共聴施設のオーナーやデベロッパ,そして受信者へのメッセージは。

 オーナーの皆さんには,今ビルの陰になっているところでもデジタルなら共聴施設を使わず直接視聴できるようになるケースもあると思われるので,早く対応状況を調査しデジタル移行後に共聴施設が必要な世帯数を把握して,該当する世帯の方に周知していただきたい。そして,早く対応を協議していただければと思う。

 デジタル化対応のコスト負担については,これまでは補助金がなく当事者間で負担していただいていた。しかし残り期間が2年となり,国としてもサポートしたいという考えで補助金制度を作った。これを使って,うまく話し合っていただければと思う。そして,この作業を是非急いでいただきたい。施設の対応には工事が必要になる。後になるほど工事のマンパワーが不足してくることが懸念されるからだ。先ほど説明したように,関東圏に施設が集中していることを考えると,ギリギリ手が足りるというところだろう。工事で長い期間お待たせするわけにはいかないので,早く話し合いを開始して意思決定まで持っていってほしい。
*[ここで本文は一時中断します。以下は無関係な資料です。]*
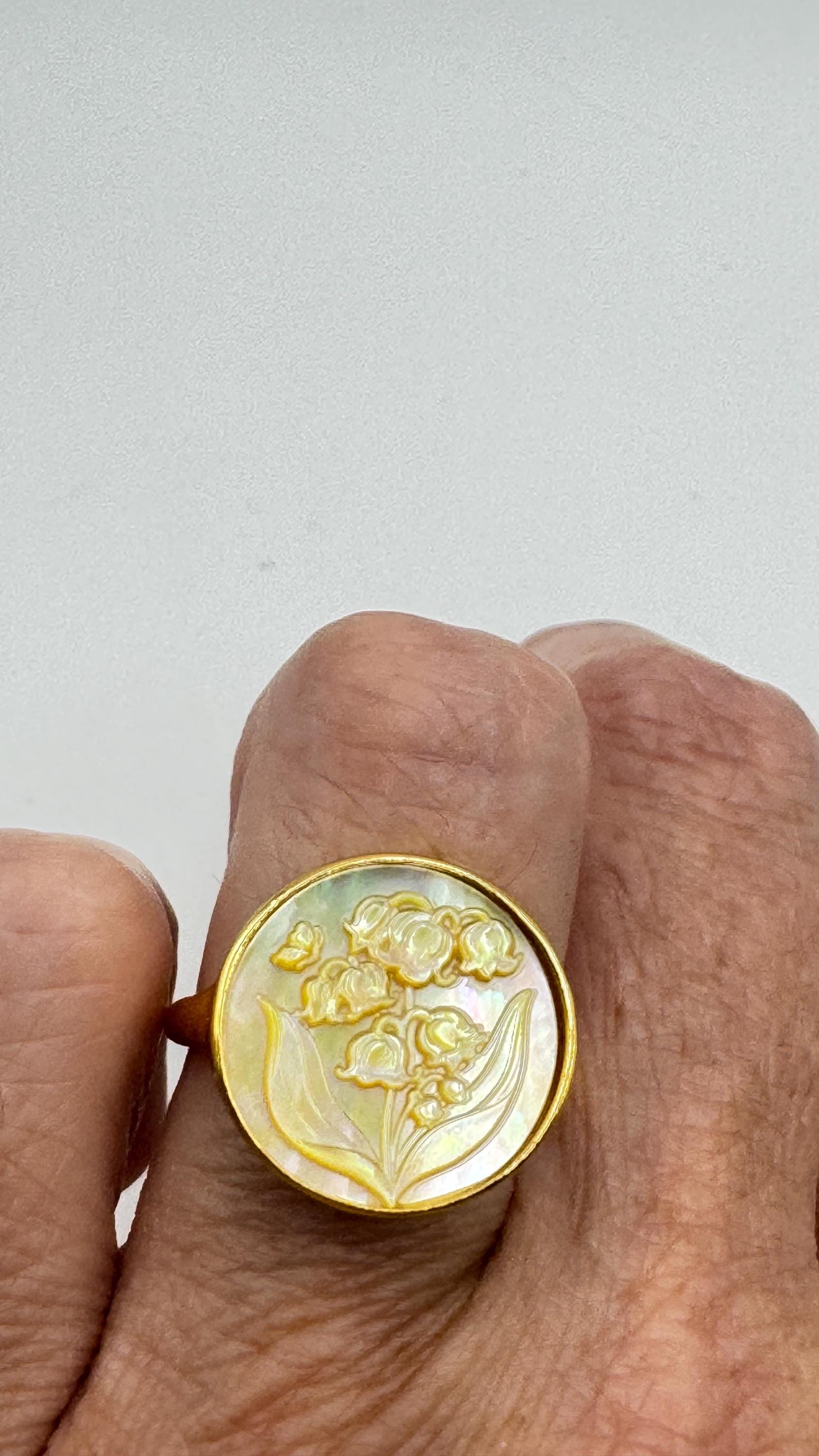 Vintage Lily of the Valley Abalone Cameo 925 Sterling Silver Ring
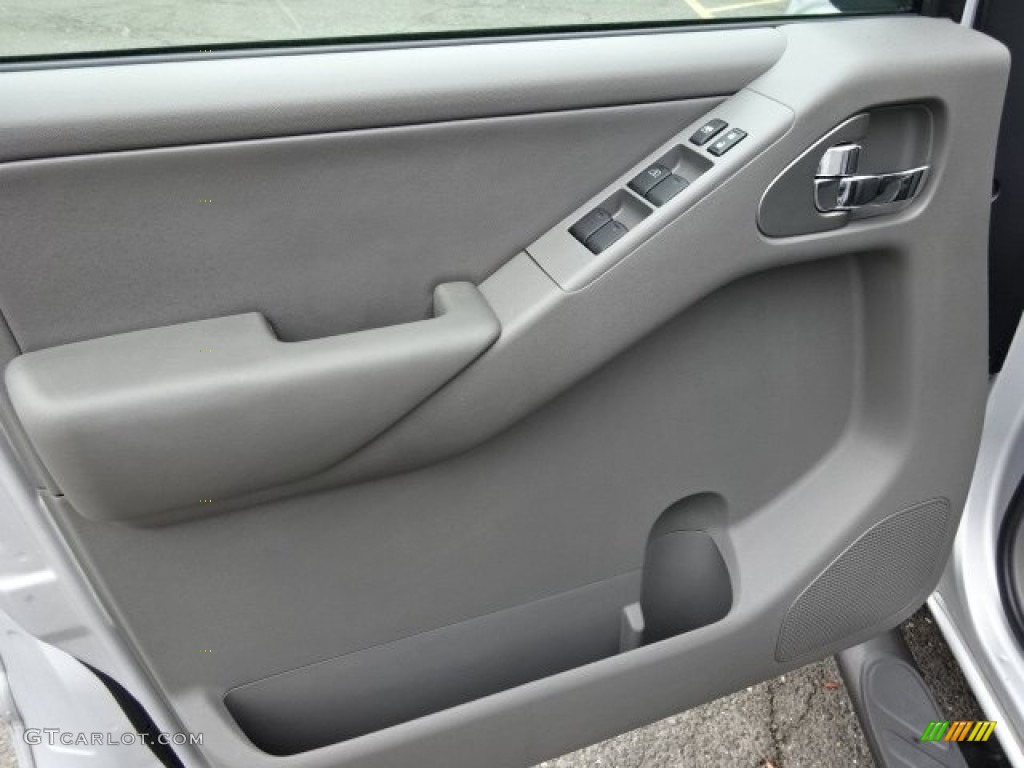 2010 Frontier LE Crew Cab 4x4 - Radiant Silver Metallic / Steel photo #22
 受信者の皆さんには,まずご自身が共聴施設を使ってテレビを視聴しているのかどうかを確認していただきたい。この点を意識されていない方が多いと思う。アンテナがどこからきているか,デジタル対応について誰と話し合ったらいいのかということを,近所の人と話したり相談したりするところから始まると思う。その際に,テレビ受信者支援センターに「地域で話し合いがしたいのだけど」といったことを相談していただいてもいい。